タマツナギ(玉繋ぎ、学名:Pleurolobus gangeticus)はマメ科タマツナギ属[1]の常緑亜低木。和名は、円形の小節果が連なる節果の形状にちなむ[2]。
特徴
茎は直立または斜上して高さ0.3–1.5 m。茎は軟毛がある。小葉は1枚の単出複葉で、側脈が斜めに出て目立ち、長さ3–15 cm、幅3.5–7 cmの長楕円形~卵状楕円形で、葉裏に軟毛がある。葉縁は全縁。針状の小托葉が1対ある。葉柄は長さ約1.8 cmで軟毛がある。花序は細長く、頂生の円錐花序または葉腋につく総状花序を形成する。花は長さ約4 mmの淡黄色または淡紫色で、開花期は春~夏。果実は長さ18–22 mm、幅2.5 mmの節果で、やや曲がる。表面に鉤状の毛が密生し、節果の腹縫合線はまっすぐで、背縫合線は小節果間でくびれる。ほぼ円形の小節果4–8個が連なる[3][4][2][5]。
分布と生育環境
アジア、オーストラリア、アフリカの熱帯~亜熱帯に分布[2][5]。日本では先島諸島[1]の宮古島、石垣島、小浜島、西表島へ稀に自生する[6][5]。日当たりの良い低地原野に生育する[4]。
属の分類と名称の変遷
かつて本種が所属していたDesmodium(旧ヌスビトハギ属→旧シバハギ属)は多系統であったことから細分化され、本種は2018年にタマツナギ属Pleurolobusへ移され1属1種となった[1]。従来の図鑑等では以前のDesmodium属で表記されていることが多いが、YList[7]やPOWO[8]では既にPleurolobus属とされていることから、本項では後者に従いPleurolobus属と表記する。
脚注
- ^ a b c (Ohashi et al. 2018, p. 184)
- ^ a b c (大橋 1997, pp. 294, 296)
- ^ (湯浅 & 前川 1987, p. 166)
- ^ a b (池原 1989, p. 231)
- ^ a b c (大橋 2021, p. 456)
- ^ (大川 & 林 2016, p. 99)
- ^ “Pleurolobus gangeticus (L.) J.St.Hil. ex K.Ohashi et H.Ohashi”. YList 植物和名-学名インデックス. ylist.info. 2025年7月2日閲覧。
- ^ “Pleurolobus gangeticus (L.) J.St.-Hil. ex H.Ohashi & K.Ohashi” (英語). Plants of the World Online. Kew Science. 2025年7月2日閲覧。
参考文献
- 湯浅浩史; 前川文夫「タマツナギ Desmodium gangeticum」『マメ科資源植物便覧』(財)日本科学協会、1987年。ISBN 9784887162266。

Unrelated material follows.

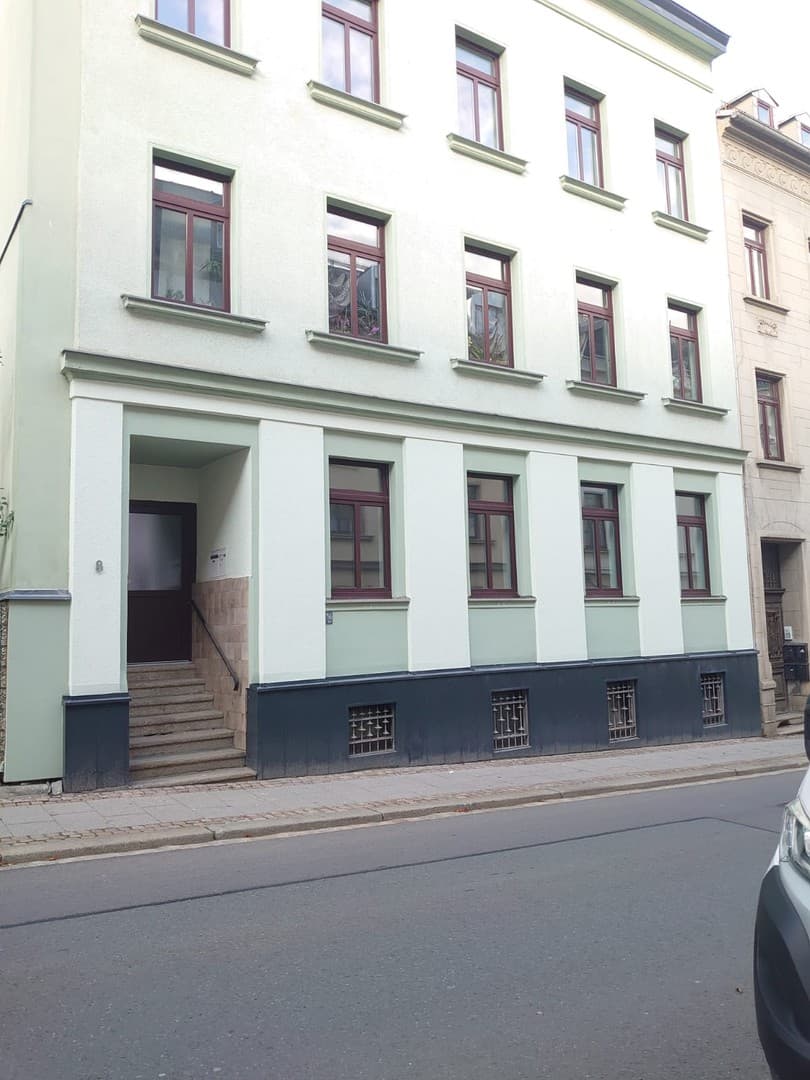 2-Raum-WE-topsaniert mit großer Terrasse zum Garten, EBK, Zentrumsnähe von Reichenbach
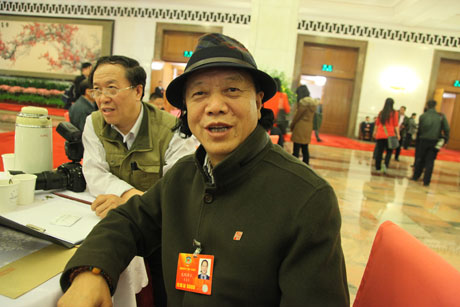 全国政协委员尼玛泽仁：加大力度打击非法传教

- 池原直樹「タマツナギ Desmodium gangeticum」『沖縄植物野外活用図鑑 第7巻 シダ植物~マメ科』新星図書出版、1989年。
- 大橋広好 著「タマツナギ Desmodium gangeticum」、岩槻邦男ら監修 編『朝日百科 植物の世界』 4巻、朝日新聞社、東京、1997年、294, 296頁。 ISBN 9784023800106。
- 大川智史; 林将之「タマツナギ Desmodium gangeticum」『ネイチャーガイド 琉球の樹木 奄美・沖縄~八重山の亜熱帯植物図鑑』文一総合出版、東京都新宿区、2016年。 ISBN 9784829984024。
- Ohashi K, Ohashi H, Nemoto T, Ikeda T, Izumi H, Kobayashi H, Muragaki H, Nata K, Sato N, Suzuki M (2018), “Phylogenetic Analyses for a New Classification of the Desmodium Group of Leguminosae Tribe Desmodieae”, Journal of Japanese Botany 93 (3): 165–189
- 大橋広好 著「タマツナギ Desmodium gangeticum」、大橋広好・門田裕一・木原浩・邑田仁・米倉浩司 編『フィールド版改訂新版 日本の野生植物』 1巻、平凡社、2021年、456頁。 ISBN 9784582535389。